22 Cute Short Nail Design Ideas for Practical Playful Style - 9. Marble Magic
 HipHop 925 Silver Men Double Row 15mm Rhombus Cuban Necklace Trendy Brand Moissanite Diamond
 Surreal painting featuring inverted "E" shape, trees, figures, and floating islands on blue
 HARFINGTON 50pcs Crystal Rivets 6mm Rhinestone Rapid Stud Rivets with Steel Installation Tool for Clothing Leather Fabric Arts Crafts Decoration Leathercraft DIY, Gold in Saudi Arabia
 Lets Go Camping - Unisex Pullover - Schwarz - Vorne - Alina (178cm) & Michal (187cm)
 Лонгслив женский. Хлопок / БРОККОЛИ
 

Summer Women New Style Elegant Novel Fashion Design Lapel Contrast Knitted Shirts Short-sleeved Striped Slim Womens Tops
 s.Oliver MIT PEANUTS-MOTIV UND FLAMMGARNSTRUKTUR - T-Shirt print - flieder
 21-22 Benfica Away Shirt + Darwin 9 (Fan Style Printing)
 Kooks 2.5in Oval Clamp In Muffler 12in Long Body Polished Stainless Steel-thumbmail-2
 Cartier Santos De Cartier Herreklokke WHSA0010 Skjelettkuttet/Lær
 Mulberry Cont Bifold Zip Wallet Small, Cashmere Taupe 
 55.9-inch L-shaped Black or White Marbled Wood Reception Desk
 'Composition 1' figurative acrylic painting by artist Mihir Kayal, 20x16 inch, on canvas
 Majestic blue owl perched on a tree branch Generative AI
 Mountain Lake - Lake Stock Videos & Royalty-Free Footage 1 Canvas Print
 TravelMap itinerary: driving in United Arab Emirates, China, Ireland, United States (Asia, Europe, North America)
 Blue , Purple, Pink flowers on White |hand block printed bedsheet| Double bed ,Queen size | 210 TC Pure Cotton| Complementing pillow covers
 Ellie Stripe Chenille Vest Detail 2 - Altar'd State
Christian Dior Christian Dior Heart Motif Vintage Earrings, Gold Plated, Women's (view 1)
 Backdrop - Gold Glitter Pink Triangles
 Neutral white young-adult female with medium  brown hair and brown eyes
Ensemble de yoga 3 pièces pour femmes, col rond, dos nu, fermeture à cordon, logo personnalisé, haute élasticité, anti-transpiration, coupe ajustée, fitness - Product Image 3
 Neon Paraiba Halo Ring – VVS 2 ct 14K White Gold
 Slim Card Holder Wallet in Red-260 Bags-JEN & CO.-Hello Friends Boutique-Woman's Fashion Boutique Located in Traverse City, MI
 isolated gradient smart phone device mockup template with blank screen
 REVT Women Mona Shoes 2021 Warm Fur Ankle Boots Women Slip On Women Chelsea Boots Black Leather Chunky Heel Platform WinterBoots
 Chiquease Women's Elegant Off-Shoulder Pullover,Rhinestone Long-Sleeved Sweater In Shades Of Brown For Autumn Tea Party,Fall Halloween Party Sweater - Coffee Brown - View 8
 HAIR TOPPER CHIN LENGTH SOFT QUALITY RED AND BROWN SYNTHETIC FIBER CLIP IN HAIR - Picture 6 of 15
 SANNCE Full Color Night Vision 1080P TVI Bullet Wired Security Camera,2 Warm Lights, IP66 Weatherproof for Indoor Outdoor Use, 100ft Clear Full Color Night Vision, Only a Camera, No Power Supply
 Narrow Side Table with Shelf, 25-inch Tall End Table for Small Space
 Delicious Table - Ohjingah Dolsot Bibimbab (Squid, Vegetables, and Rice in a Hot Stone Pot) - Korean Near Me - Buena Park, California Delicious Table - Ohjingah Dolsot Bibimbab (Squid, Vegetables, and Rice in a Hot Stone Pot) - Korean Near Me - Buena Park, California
* * * *
ABOUT THIS EXERCISE:
What this exercise asks for is every line of the data above with the word "Pink".

TASK OUTPUT:
 Blue , Purple, Pink flowers on White |hand block printed bedsheet| Double bed ,Queen size | 210 TC Pure Cotton| Complementing pillow covers
 Backdrop - Gold Glitter Pink Triangles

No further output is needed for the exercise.